2.1. Der Verfassungsgerichtshof kann die Behandlung einer Beschwerde in einer nicht von der Zuständigkeit des Verwaltungsgerichtshofes ausgeschlossenen Angelegenheit ablehnen, wenn sie keine hinreichende Aussicht auf Erfolg hat oder von der Entscheidung die Klärung einer verfassungsrechtlichen Frage nicht zu erwarten ist (Art144 Abs 2 B-VG). Eine solche Klärung ist dann nicht zu erwarten, wenn zur Beantwortung der maßgebenden Fragen spezifisch verfassungsrechtliche Überlegungen nicht erforderlich sind.

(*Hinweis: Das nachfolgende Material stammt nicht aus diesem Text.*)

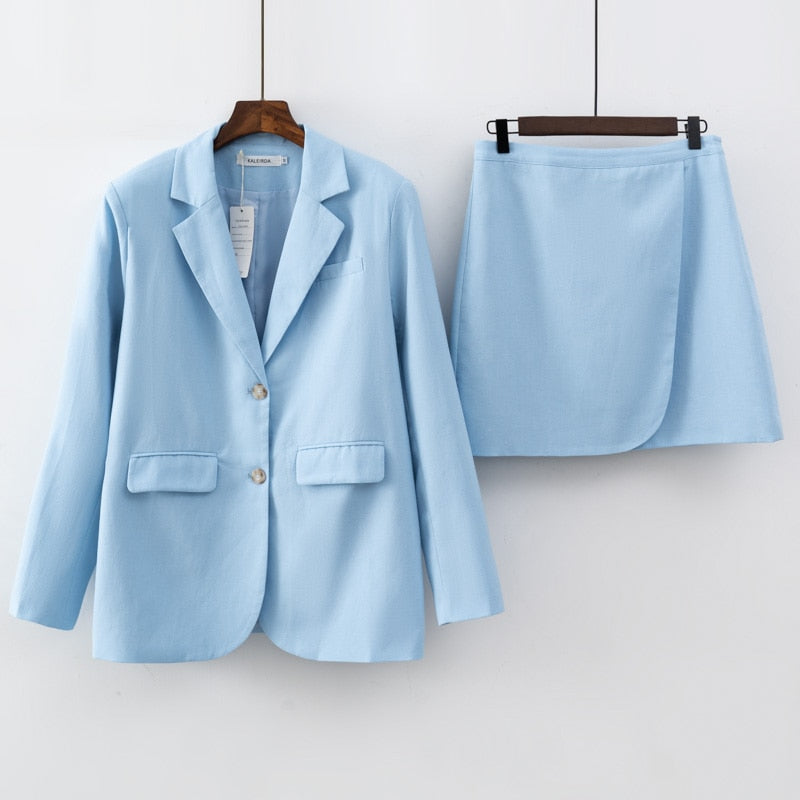 2023 Damenmode Leinen Baumwolle Blazer Rock Anzug Lässige weibliche Kleidung Set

2.2. Die vorliegende Beschwerde rügt mit Bezug auf den zweiten und dritten Spruchpunkt des angefochtenen Bescheides die Verletzung der verfassungsgesetzlich gewährleisteten Rechte auf Gleichheit vor dem Gesetz und auf Unversehrtheit des Eigentums. Nach den Beschwerdebehauptungen wären diese Rechtsverletzungen aber zum erheblichen Teil nur die Folge einer - allenfalls grob - unrichtigen Anwendung des einfachen Gesetzes. Spezifisch verfassungsrechtliche Überlegungen sind zur Beurteilung der aufgeworfenen Fragen insoweit - insbesondere auch vor dem Hintergrund, dass sich die Rechtsprechung des Verfassungsgerichtshofes zum atypischen Gemeindegut nach dem TFLG 1996 (siehe insb. VfSlg. 18.446/2008 sowie , B640/10) auf Hauptteilungen nicht übertragen lässt - nicht anzustellen.

2.3. Soweit die Beschwerde aber insofern verfassungsrechtliche Fragen berührt, als die Rechtswidrigkeit der den angefochtenen Bescheid tragenden Rechtsvorschriften behauptet wird, lässt ihr Vorbringen vor dem Hintergrund der Rechtsprechung des Verfassungsgerichtshofes zu Bestimmungen von der Art des § 68 AVG (zB VfSlg. 4986/1965, 7978/1977 ua.) die behauptete Rechtsverletzung, die Verletzung eines anderen verfassungsgesetzlich gewährleisteten Rechtes oder die Verletzung in einem sonstigen Recht wegen Anwendung eines verfassungswidrigen Gesetzes als so wenig wahrscheinlich erkennen, dass sie keine hinreichende Aussicht auf Erfolg hat.

2.4. Die Angelegenheit ist auch nicht von der Zuständigkeit des Verwaltungsgerichtshofes ausgeschlossen.

2.5. Demgemäß wurde beschlossen, von einer Behandlung der Beschwerde, soweit sich diese gegen den zweiten und dritten Spruchpunkt des angefochtenen Bescheides richtet, abzusehen (§19 Abs 3 Z 1 iVm § 31 letzter Satz VfGG).

III.

Die Kostenentscheidung beruht auf § 88 VfGG. Die beschwerdeführende Stadtgemeinde ist insoweit durchgedrungen, als der angefochtene Bescheid in einem von drei Spruchpunkten aufgehoben wurde. Im Übrigen wurde die Behandlung der Beschwerde abgelehnt; insoweit findet kein Kostenersatz statt (siehe etwa VfSlg. 18.045/2006). Der beschwerdeführenden Stadtgemeinde ist daher ein Drittel der Kosten (€ 666,67) zuzusprechen (vgl. auch VfSlg. 16.250/2001). Der zugesprochene Kostenbetrag enthält Umsatzsteuer in Höhe von € 133,33.